Satu hal yang selalu kulakukan ketika tengah berada di bandara yakni mengamati sekitar. Dan ku katakan kembali bahwa begitu banyak kebahagiaan dan tak kalah banyaknya kesedihan yang harus kusaksian dalam satu waktu. Kau tahu, itu menyakitkan bagiku. Tidak bisakah tempat itu hanya diisi dengan kebahagiaan ? disana ada yang resah menunggu datangnya seseorang dengan kondisi baik atau buruk tak ada yang tahu, ada yang hanya menangis untuk melepas seseorang. Disana, rindu, iba, haru, marah, resah dan banyak lagi kawannya semua keluar dari sarangnya. Dan hatiku berkecamuk merasakan sekaligus menyaksikan itu semua.
Dua hari berikutnya, lagi-lagi seorang teman akan pergi. Bisa dikatakan akhir-akhir ini aku begitu melankolis. Kau tahu apa yang terjadi hari itu ? pipi ku basah sejadi-jadinya, aku sesenggukan menyaksikan perpisahan yang terjadi tak henti-hentinya, ini keterlaluan.
Lalu keesokan harinya, aku yang akan pergi (tolong dibaca pulang). Beberapa jam sebelumnya, aku menghabiskan waktu dengan tiga orang teman. Malam itu hanya ada sedikit bintang, kupikir langit ingin menangis. Diseberang sana beberapa meter dari tempat kami duduk amat bising, jalanan tak pernah istirahat, dia terlalu sibuk. Kami sama-sama menikmati mocca float, roti sosis jadi santapan mereka sedang aku memilih roti coklat dengan fla susu untuk kunikmati. Malam semakin larut, pun perbincangan semakin panjang. Kami melanglang buana kedunia buku, tentang bagaimana kami menikmati buku sebagai candu, tentang bagaimana sebuah fantasi ataupun romansa dalam buku berpengaruh untuk hari-hari kami. Kami juga melakukan perjalanan ke berbagai rasa dalam minuman tentang bagaimana dia begitu mencintai kopi dan bagaimana aku begitu menggilai teh. Kami juga melakukan perjalanan panjang dalam film. Sungguh menyenangkan sekaligus menyedihkan harus mengakhiri pertemuan malam itu.

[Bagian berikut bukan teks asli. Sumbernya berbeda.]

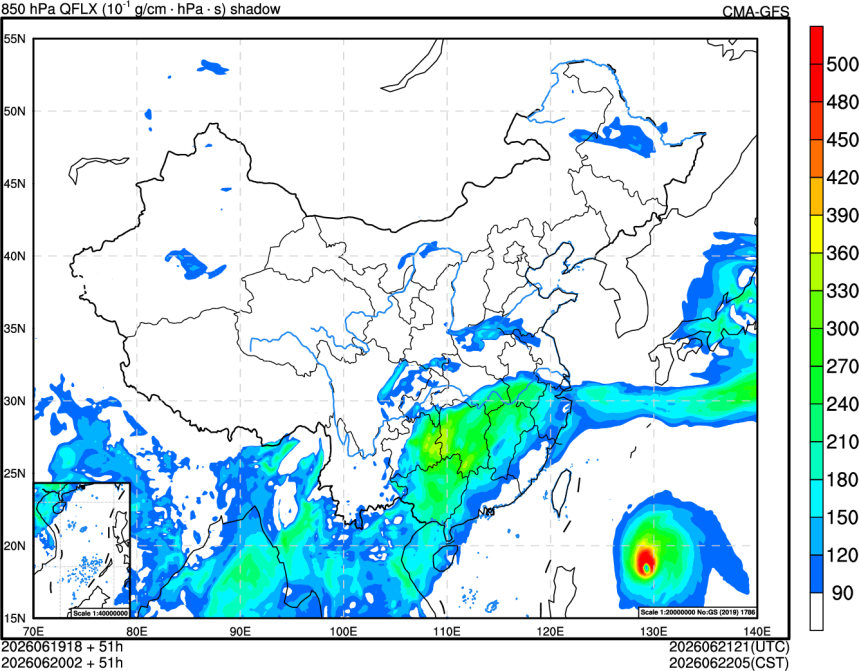 06/19 18时 +051小时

Malam itu kurasa waktu begitu singkat…
1…2…3
Sebuah detik ketika angin menyapu lembut wajahku, ku tahu itu sebuah pesan bahwa kita saling rindu, bisa kalian yakini itu ? memori ku akan selalu mampu menampung segala kenangan yang sudah kalian bagi bersamaku. Kertas ku kini tak lagi putih kosong, ada banyak coretan warna disana. Kalian tahu, aku menunggu waktu untuk kita melihat coretan itu kembali suatu waktu dimasa nanti ketika rambut kita sudah memutih serta tangan dan wajah kita sudah keriput, lalu saling mengejek ataupun memuji “kau lebih cantik sekarang ketimbang dulu”, “kau jauh lebih tampan sekarang ketimbang dulu”, sampai akhirnya suara anak kecil diluar sana sama-sama menertawakan kita.
Sekarang, dikepala ku cuma ada pertanyaan “kapan kita akan kembali melakukan perjalanan panjang ini, kawan ?”
Lalu…
Malam berlalu seiring langkahku meninggalkan kota itu.
Catatan :
lagi-lagi aku begitu payah. Tulisanku selalu saja tentang keluhan dan rengekan. Diluar kamarku langit sedang menangis keras, kalian dapat salam dari Tuhan.